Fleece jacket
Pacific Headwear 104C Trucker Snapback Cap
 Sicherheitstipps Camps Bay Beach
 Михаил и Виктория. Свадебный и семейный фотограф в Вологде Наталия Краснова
■ ■ ■ ■ ■
▸ WORK INSTRUCTIONS:
Write the material out again in its entirety, exactly as shown.

▸ EXERCISE RESPONSE:
Fleece jacket
Pacific Headwear 104C Trucker Snapback Cap
 Sicherheitstipps Camps Bay Beach
 Михаил и Виктория. Свадебный и семейный фотограф в Вологде Наталия Краснова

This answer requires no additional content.